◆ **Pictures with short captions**
- Opening Delimiter -
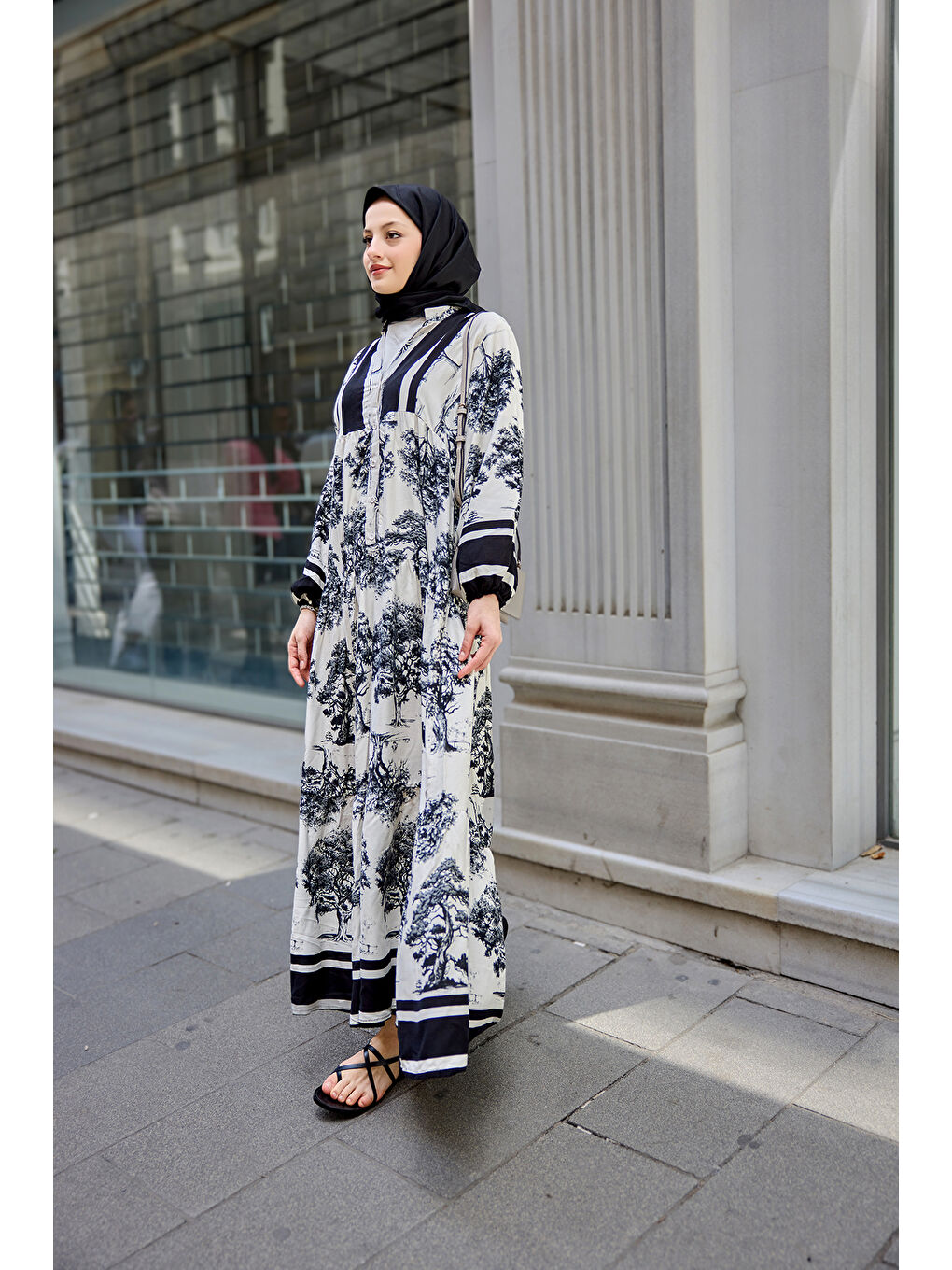 Kadın Ağaç Desenli Elbise Siyah-2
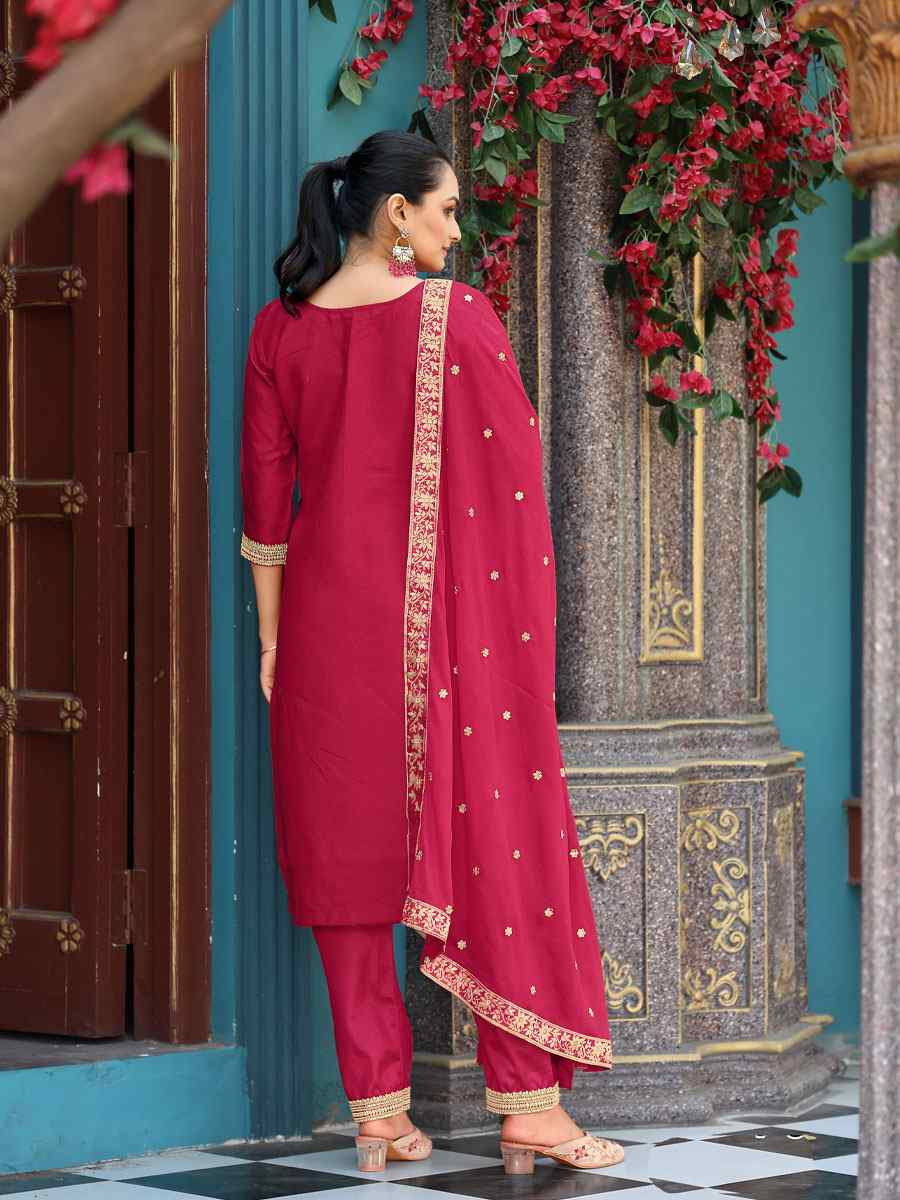 Pink Pure Viscose Jacquard Embroidery Party Wedding Festival Casual Ready Pant Salwar Kameez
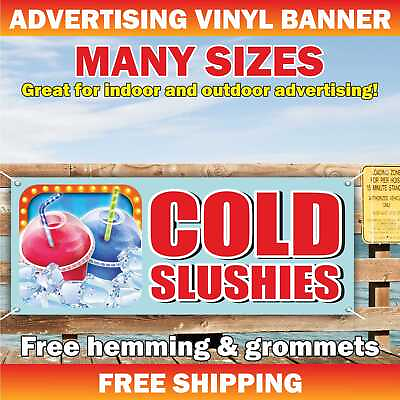 #ad COLD SLUSHIES Advertising Banner Vinyl Mesh Sign Drink Ice Cold Fruit Cola Bar $219.95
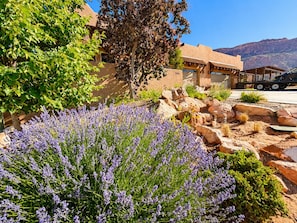 A building with a patio area, surrounded by a garden with lavender plants and a view of mountains.
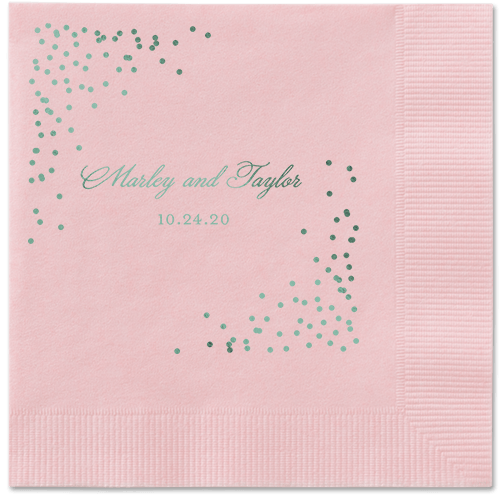 Confetti Greeting Napkins, Green, Blush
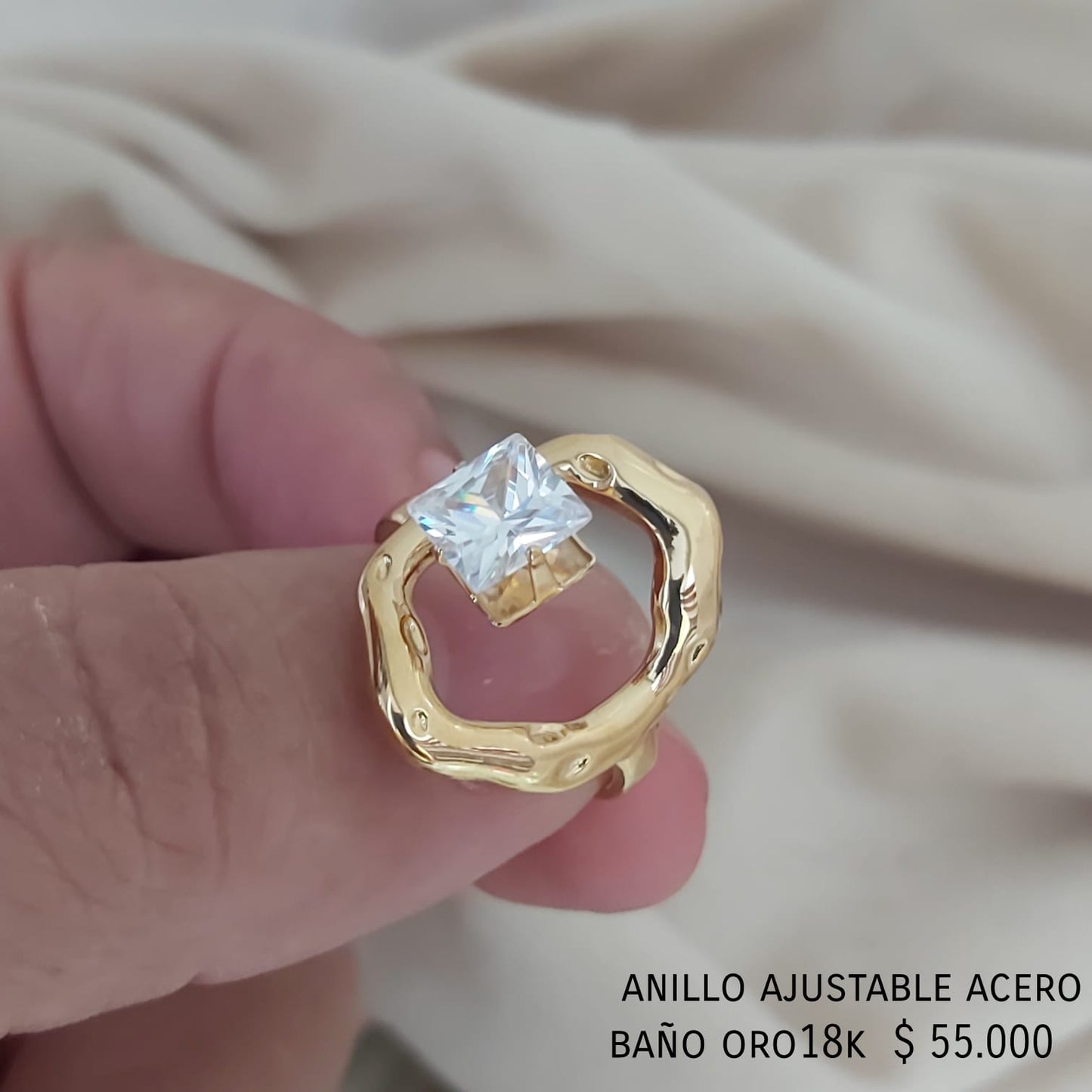 Anillo ajustable acero inox baño oro18k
- Closing Delimiter -
◆ **TASK GOAL**
Word for word, give again the lines from the line with "A building with" through the end of the records above, with both ends included and the pictures left out.

◆ **SOLUTION TO THE EXERCISE**
 A building with a patio area, surrounded by a garden with lavender plants and a view of mountains.
 Confetti Greeting Napkins, Green, Blush
 Anillo ajustable acero inox baño oro18k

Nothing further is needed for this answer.